After putting the vocabulary and phrases (perhaps with frequency information) out on the class directory for your domain, you should turn your attention to the contest.  On the basis of class discussions about breadth of some of the domains, you will be pleased to learn that the chosen target domain is geology.  Although by no means a clearly bounded discipline with regard to document content, it probably is less voluminous in coverage and somewhat easier to pin down than the others.  Also, as it happens, since there are two students working in this domain, there will be at least 2 million words of training text available to the class.  The contest itself will feature either 2000 files of text mostly from geology, with 10 to 100 of the files actually clearly from one of the other domains, or it will feature 2000 files from the five domains, of which only 10 to 100 are from geology - depending on which group you are in.  So you can fine-tune your personal entry into the contest for the domain of geology.  However, please do write most of your system so that if you were required to change to a different domain, you would not have to change much more than directory paths and filenames.

 

Because I will do my best to be sure that you do not train on the test sets, I request that you send me a list of the URLS that you downloaded from, if at all possible.  If it's already too late for that, give me as much information as you can about your sources, so that I have a reasonable chance to get the test files from somewhere else.

 

Due dates:

 

October 18 - all training files (text, tagged text, vocabulary, phrases) in the class directory.  If you're at conference out of the country on that date, please get as much as possible online before you leave, but you can finish when you get back. :)

October 18 - your proposed approach must be described in at least general terms to the instructor.  The instructor reserves the right to suggest or require modifications to your proposed approach.  Once that approach is mutually agreed upon, let the instructor know about your progress at least once per week, preferably twice a week.

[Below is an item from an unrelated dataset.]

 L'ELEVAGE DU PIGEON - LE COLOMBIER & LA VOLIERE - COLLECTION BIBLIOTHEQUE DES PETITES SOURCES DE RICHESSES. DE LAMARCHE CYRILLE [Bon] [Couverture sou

November 1 - Your program/system must be ready to run on the test sets by this date.  Test sets will be made available.  Run the test, report on the names of the target files identified by your system (or, equivalently, their position in the list of filenames), inspect the actual files that your system returns, give your assessment of accuracy, and what problems your system may be having.  This should be contained in a written report that you will hand in on Friday, November 3, and will also be the subject of our class discussion on that date.

 

Between October 18 and November 1, I expect that one or two class discussions will be devoted to questions and comments that members of the class will have regarding the tasks they are attempting.  Since no two students will be using the same approach on the same version of the contest, there is no reason to be super-secretive about general approaches.  In my experience, it has been very helpful for each student to describe in general (about five minutes) what they are doing, with the rest of the class contributing advice.

 

As mentioned in class, if you do a disciplined job of whatever you agree with the instructor to do, your grade does not depend on how successful your approach is, either as direct performance (even though the various systems will be scored on how many files are correctly identified and how many of the files identified are incorrect, your grade is not dependent on that score) or as relative performance (you don't have to worry about whether all of your classmates' systems' scores are higher or lower than your system's).  However, your written report turned in on November 3 should contain enough details of what you have done to convince a reader that you have done a disciplined implementation of your proposed approach.